The weather the day before had turned cold again, with forecast of snow on smelt day. For that reason (expecting the worst and feeling weak) I set up the smelter inside on the main floor of the workshop. (For those who have never been to the Wareham Forge, the building is a converted circa 1930's drive shed. The main walls are poured concrete, with a pole construction roof above. The distance from the dirt floor to the peak is twenty feet. )
This smelt was to be a second test of the DARC Dirt 1 - bog iron ore analog developed by Gus GIssing. The first test (at Smeltfest 08) was not ideal, as the smelter layout was a new type we had little experience with. The dynamics of the 'bellows plate' type furnace, and its taller stack height combined to a low yield and very high carbon bloom. In this case the mix of 80% 'Spanish Red' (Fe2O3) / 10% silica sand / 10% flour had been air drying for about a week. The cold and wet weather had slowed this process. At the time of the smelt the ore material was dry enough to easily handle, but still slightly damp to the touch. It was broken up from the large plate pieces (roughly 1 cm thick) by tapping through a 2.5 cm wire grid with a wooden mallet. A second screen, about 3 mm, was used to separate out the fine dust. (This step was not done for the Smeltfest test). The result was pulling off about 20 % of the prepared material as dust. As the analog was not baked this time, this dust can easily be incorporated into the next batch by just adding water. It was generally thought that the pieces from the 2.5 cm grid may have been a bit too large. Use of a 1.5 cm grid is likely ideal.

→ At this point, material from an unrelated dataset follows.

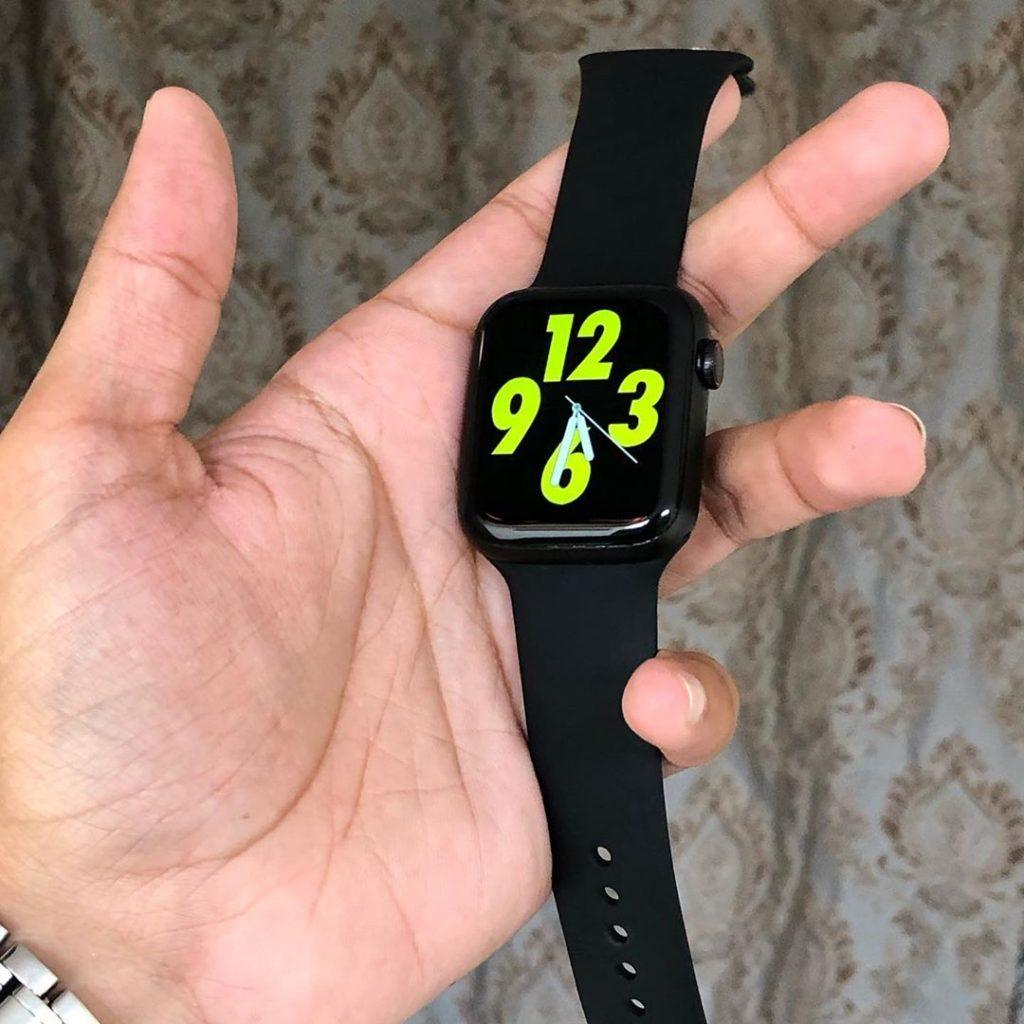 W26 series 6 discount smart watch price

The team consisted of: Ken Cook - smelt master Darrell Markewitz - assisting (and coaching) Neil Peterson - measuring and recording Lloyd Johnson came up to observe and assist with the final hammering of the bloom. There was considerably less prep work required, other than the construction of the more durable metal can for the smelter. The charcoal used was the Black Diamond from Bruce Cowan, which was pre-crushed to the ideal size. This experiment employed a number of new pieces of equipment: 1) The smelter itself, which was a smaller variation on our well proven fire brick construction Econo Norse furnace. This furnace was 20 cm in diameter, a change which is a considerable reduction to our normal size of closer to 30 cm. There was some concern that this roughly 40 % reduction in volume might prove a problem with the dynamics of the furnace. I was encouraged by Skip Williams' recent experiments with very small table top sized furnaces. 2) The use of the new, larger volume, electric blower I had just purchased. This is the same blower used by Sauder & Williams (to great success).
It also would be the first time for the new sliding gate air control made up specifically for use with this unit. This would be coupled with the in-line set up for the air speed gauge and pressure gauge.

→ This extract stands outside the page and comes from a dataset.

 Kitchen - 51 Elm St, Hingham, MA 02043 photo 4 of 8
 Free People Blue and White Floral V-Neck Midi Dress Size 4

The extraction was from the bottom of the furnace, which had been constructed with a proportionally large tab arch. The image above shows Ken taking out the two bricks that blocked the arch during the smelt. (This was the first time Ken undertook an extraction.) As it turned out, there was a reasonably large slag block formed. The bloom proved properly positioned, and contained within the correct pool of liquid slag. With a bit of hammering, it was possible to break away the side of the slag and grab out the bloom.
The finished bloom is shown above. After a bit of compression hammering, it was decided to slice off a third as seen to give to Lloyd. The bloom was both smaller and less dense than I had hoped for: Bloom Weight - 2 kg Total Ore - 18 kg * Total Charcoal - 150 L (about 30 kg) Total Time - 4 1/2 hours (not including pre-heat) The yield is a bit better than it looks at first glance. We baked dry a measured sample of the ore analog, and it was found to contain 12 % water. This puts the 'real' weight of ore used at closer to 15.8 kg. This gives us a yield of about 13%. Still lower than our usual, but enough that the DARC Dirt 1 analog is worthy of further testing. There is still a very large mass of hardened slag to break free of the interior of the furnace. This may prove to have other smaller masses of metal contained in it. Certainly it would appear that there is a larger proportion of slag formed than has been seen in past uses of the larger brick furnaces with other ore types.